急いで出たので、僕はすぐに目に付いた学校の制服、千春さんはエプロン姿のままだ。
夕食の準備は大丈夫なのかなあ?
もしかしたら、九条院のおじさんは今日は遅いのかな?
そんな千春さんはといえば後方座席でピリピリしたオーラを撒き散らしている。
「お嬢様、私たちはこれからどちらへ行くのですか?」
「えーとね、僕の友達のところだよ」
「まあ、お嬢様、本当に記憶が戻ったのですね。安心しました。学校のお友達ですね?」
「ああ……、うん。そうかな。うん、そうそう」
千春さんは「良かったわ」と独り言を言って、緊張感のオーラは消えた。
隣で運転する米良さんは、
「えっ? 学校の友達?」と不思議そうに呟いたが、それだけで突っ込んではこなかった。
「ねえ、米良さん、智晶さんの家はどこなの?」
「ああ、それなら白金ですよ」
その言葉に千春さんがはしゃぐ。
「すごい、シラガネーゼじゃないですか! お嬢様のお友達」
「千春さん、何それ?」
「あら、お嬢様、ご存知ないんですか? 白金といえば都心の超高級住宅地ですよ。シロガネーゼといえばセレブに決まってるじゃないですか」
「高級住宅地? 白金が……?」
少し考え込む。
そういえば、タイムマシンで僕と麗ちゃんが過去に行ったせいで、歴史が変わっているのだった。
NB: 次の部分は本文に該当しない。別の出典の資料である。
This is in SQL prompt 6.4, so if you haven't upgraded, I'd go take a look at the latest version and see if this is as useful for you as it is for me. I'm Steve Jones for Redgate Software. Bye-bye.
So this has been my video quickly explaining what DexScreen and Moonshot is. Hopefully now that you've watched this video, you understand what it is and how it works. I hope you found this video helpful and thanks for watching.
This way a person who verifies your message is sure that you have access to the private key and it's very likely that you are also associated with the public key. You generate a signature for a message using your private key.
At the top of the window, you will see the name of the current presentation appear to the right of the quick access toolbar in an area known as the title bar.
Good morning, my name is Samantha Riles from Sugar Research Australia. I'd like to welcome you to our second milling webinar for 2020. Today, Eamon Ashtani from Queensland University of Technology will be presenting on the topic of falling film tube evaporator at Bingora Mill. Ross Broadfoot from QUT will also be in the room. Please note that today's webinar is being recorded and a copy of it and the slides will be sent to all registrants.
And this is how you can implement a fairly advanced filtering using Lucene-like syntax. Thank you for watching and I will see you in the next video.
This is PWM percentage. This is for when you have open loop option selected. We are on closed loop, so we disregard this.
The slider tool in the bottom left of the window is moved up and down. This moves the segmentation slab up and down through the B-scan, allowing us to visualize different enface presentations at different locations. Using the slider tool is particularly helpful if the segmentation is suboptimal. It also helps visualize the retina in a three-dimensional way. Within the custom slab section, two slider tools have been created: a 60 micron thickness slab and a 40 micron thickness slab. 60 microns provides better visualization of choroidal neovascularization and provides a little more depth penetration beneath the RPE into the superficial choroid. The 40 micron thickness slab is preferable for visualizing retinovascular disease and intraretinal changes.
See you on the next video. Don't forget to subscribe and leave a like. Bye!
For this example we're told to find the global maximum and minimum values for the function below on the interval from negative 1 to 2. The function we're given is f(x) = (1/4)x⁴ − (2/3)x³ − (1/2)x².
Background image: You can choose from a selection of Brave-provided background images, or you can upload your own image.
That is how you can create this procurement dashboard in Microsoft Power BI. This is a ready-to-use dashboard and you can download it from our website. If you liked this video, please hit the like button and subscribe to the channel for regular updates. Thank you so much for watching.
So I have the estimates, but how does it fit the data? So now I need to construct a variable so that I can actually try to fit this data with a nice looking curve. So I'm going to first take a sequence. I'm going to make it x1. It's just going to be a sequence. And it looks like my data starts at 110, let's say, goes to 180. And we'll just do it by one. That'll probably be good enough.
元の時代の都心はゴーストタウン化で、そんなに高級住宅地でもなかったのでピンと来なかったのだ。
そんな会話をしているうちに、辿り着いた白金のタワーマンション。
真下から見上げると、かなりの高層マンションのようで、夜じゃ全体像がよくわからない。
ともあれ、米良さんに連れられエントランスからロビーに入った途端、千春さんがはしゃいだ。
「すごーい! お嬢様、エスカレータがありますよ、エスカレータが! デパートでもないのに! ヘリオス・フォーもこんなマンションに住んでるのかなあ?」
あまりの浮かれように同行者として恥ずかしい限りだ。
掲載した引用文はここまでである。